Arrivato nella Roma dei Papi – pare attorno al 1477 – una città che consolidava la sua rinascita artistica e culturale proprio per l’impegno dei alcuni grandi e controversi pontefici che in quel tempo si erano succeduti sulla cattedra di Pietro, fu preso a ben volere, divenendone ‘familio’ da uno dei più potenti personaggi della curia. Si trattava del cardinale genovese Giovanni Battista Cybo, sul cui capo, nel 1484, si sarebbe posato il triregno per l’elezione a Papa con il nome di Innocenzo VIII. Un papa la cui fama sarebbe stata negativamente legata alla bolla “Summis desiderantes” che potremmo definire la magna carta della caccia alle streghe.

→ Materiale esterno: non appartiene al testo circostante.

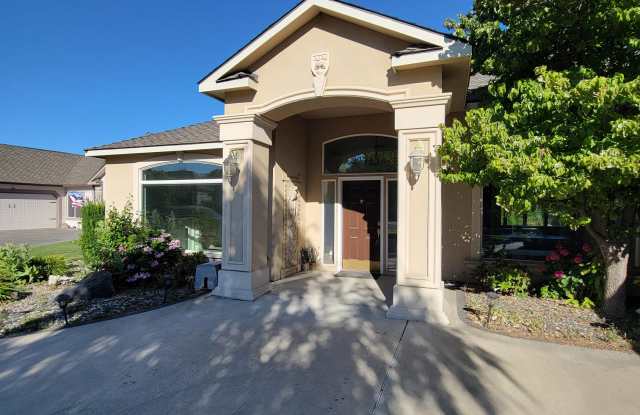1200 West Canyon Lakes Drive Gallery 2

Il cardinale, introdusse il giovane studioso alla corte pontificia ma, soprattutto, gli spalancò le porte della fornitissima biblioteca Vaticana, permettendogli di attingere al prezioso patrimonio in essa conservato. La frequenza della curia e le voci che correvano sulle qualità culturali del giovane, non potevano che attirare l’attenzione di un Papa rinascimentale, abbastanza discusso ma, certamente, colto e sensibile ai valori letterari ed artistici, qual era Sisto IV.
L’autorevolezza acquisita a Roma alla corte del Papa, gli consentì una occasione, unica per un ebreo convertito. Nel 1481 venne infatti incaricato di leggere, davanti al Papa il solenne sermone del venerdì Santo. E fu l’occasione perché Flavio, l’ebreo converso, redigesse una delle opere più colte del rinascimento italiano, si trattava del “Sermo de Passioni Domini”, testo apprezzato e lodato per la profondità delle riflessioni in esso contenute.Mitridate, la cui convinzione nella fede cristiana era a prova di bomba, si diede anche al proselitismo, inducendo numerosi giudei ad accettare la fede in Cristo. Per questo impegno venne gratificato con benefici direttamente elargitigli dal Papa.
Mitridate fu anche ‘familio’ di un altro noto personaggio rinascimentale, cioè del duca di Urbino Federico di Montefeltro, per il quale eseguì la traduzione in latino di numerosi testi cabalistici. Mitridate fino al 1482 insegnò teologia alla Sapienza.
Costretto per un oscuro delitto a lasciare Roma, si recò prima a Colonia dove, nel 1484, pubblicò “Dicta septem sapientium” poi a Lovanio. Nel periodo in cui fu lontano dall’Italia, ebbe come alunni Giovanni Agricola e Giovanni Reuchlin. Nel 1486 poté, finalmente, rientrare in Italia. Si stabilì a Perugia ospite di Giovanni Pico della Mirandola. Con Pico strinse infatti una solida amicizia seguendolo nel suo spostamento a Fratta, e a Pico, come si é detto, insegnò le lingue ebraica e caldaica e lo introdusse nei segreti della cabala, argomento di studio pericoloso che attirò sull’umanista l’accusa di eresia.
Dunque, una vita intensissima, quella di Flavio Mitridate, conclusasi nel silenzio e nella dimenticanza, basti pensare che non si conosce neppure la data della morte.